Nearly all businesses use the cloud for some portion of their operations. But what many small and medium-sized businesses (SMBs) don’t realize is that a cloud-first strategy can be beneficial. Here’s how.

First: What Is a Cloud-First Strategy?

A cloud-first strategy is when your business moves all of its digital infrastructure to the cloud. Instead of an onsite server, everything is digital, even mission-critical applications and secure information. If you’ve been maintaining servers for the past decade or so, this can seem radical. But for many businesses the idea of putting everything in a physical location is dangerous, oddly limiting, and even dated. Server space and computational power is more and more thought of as a utility. You can increase or decrease the amount you pay for with the click of a button. Imagine living in a house that goes from a single water well to being connected to the city’s water system. That’s roughly analogous to going from your own server to cloud computing.
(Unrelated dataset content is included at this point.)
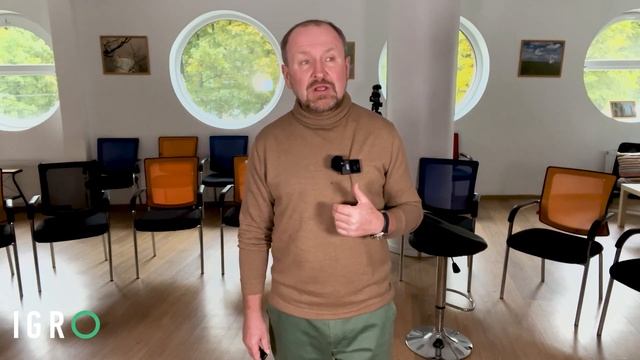 Как подготовить речь за 5 минут - Игорь Родченко смотреть онлайн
So, Why Choose a Cloud-First Strategy?

There are many reasons to choose a cloud-first strategy. Different reasons will take on different importance for each business, but many of these reasons are compelling.

Configurability

How do you want to arrange your digital infrastructure? However you want. Granted, you can configure a physical server how you want—if you have the time to take it apart and build it, the money to buy new pieces as needed, and the ability to stop doing business while you reconfigure. With cloud computing, you spend the capital money and let the cloud provider worry about configuration. Or you move digital pieces around at your leisure.

Disaster-Proofing

Disasters small and large—from power surges to fires—can threaten a physical server. And the cloud resides on a physical server somewhere. But cloud computing facilities are disaster-proofed, with redundant wiring, power backups, fire suppression systems, and more. Plus, they build in digital redundancy. You may not even know if your cloud provider has been hit with a disaster, as one of their other facilities will kick in and keep providing your service.

Price

The upfront costs of a cloud-first strategy can look a bit iffy. But remember, pricing by cloud providers is transparent. You pay a set price per amount used.
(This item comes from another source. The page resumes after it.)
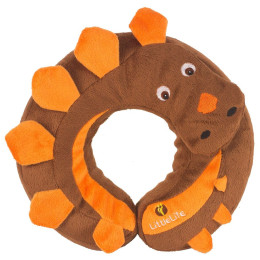 Cestovný vankúšik LittleLife Animal Snooze Pillow Dinosaur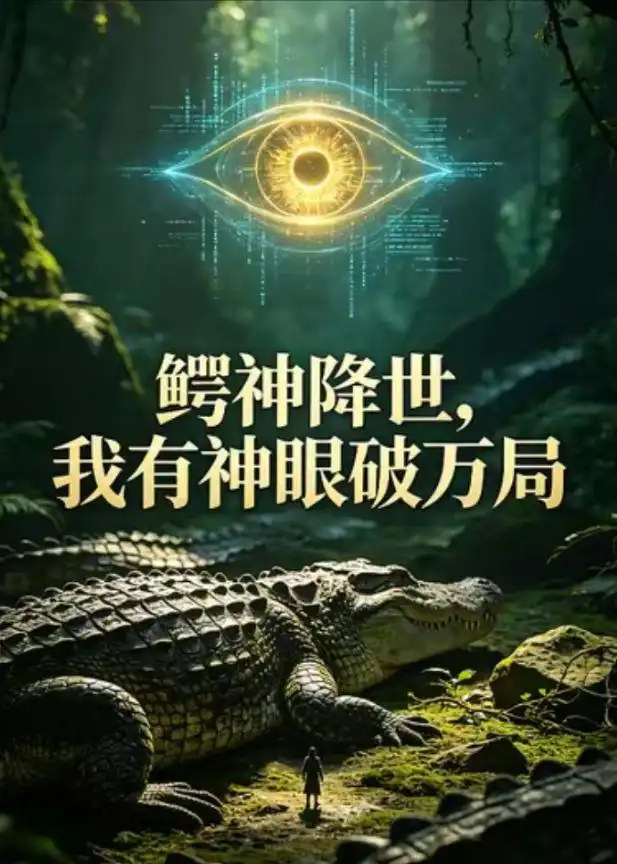 《鳄神降世我有神眼破万局（65集）何俊雄＆吕若彤》短剧全集免费在线观看-CD网盘社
By contrast, the costs to maintaining a physical server can add up. Aside from the equipment, rental space, cooling, IT staff, and more, maintaining a server can be an expensive endeavour. On top of that, you have to consider the costs of upgrading, which is not an infrequent event.

Reliability

If you maintain physical servers, someone must maintain them. For SMBs, it’s not at all unlikely that you only have one or two people to do so. Imagine having a service problem when your IT person is on vacation. The reality of hardware is that it has downtime, and the reality of managing an SMB is that paying for someone to be on call 24/7 can be a little much.

By choosing a cloud-first strategy, you solve this problem. The cloud provider takes care of service and maintenance 24/7. If there’s a problem on a server after you’ve left for the day, you don’t have to worry about getting called back in to solve it. The cloud provider solves the problem.

Scalability

The biggest benefit of cloud computing is scalability, no question. Your cloud provider can bump you up to the next service tier with a phone call, a click of a button, or even automatically if they’re detecting that you need additional resources. Traffic spikes or applications with high computational needs aren’t a problem. If you need more capacity, you pay more and get it right away.

It’s Time to Embrace the Cloud

Whether you’re just storing information or you’re running powerful applications, a cloud-first strategy offers benefits such as superior configurability, smarter disaster-proofing, and a better ability to scale than running physical servers. If you’re a small or medium-sized business, you need every possible advantage, and a cloud-first strategy offers these major advantages.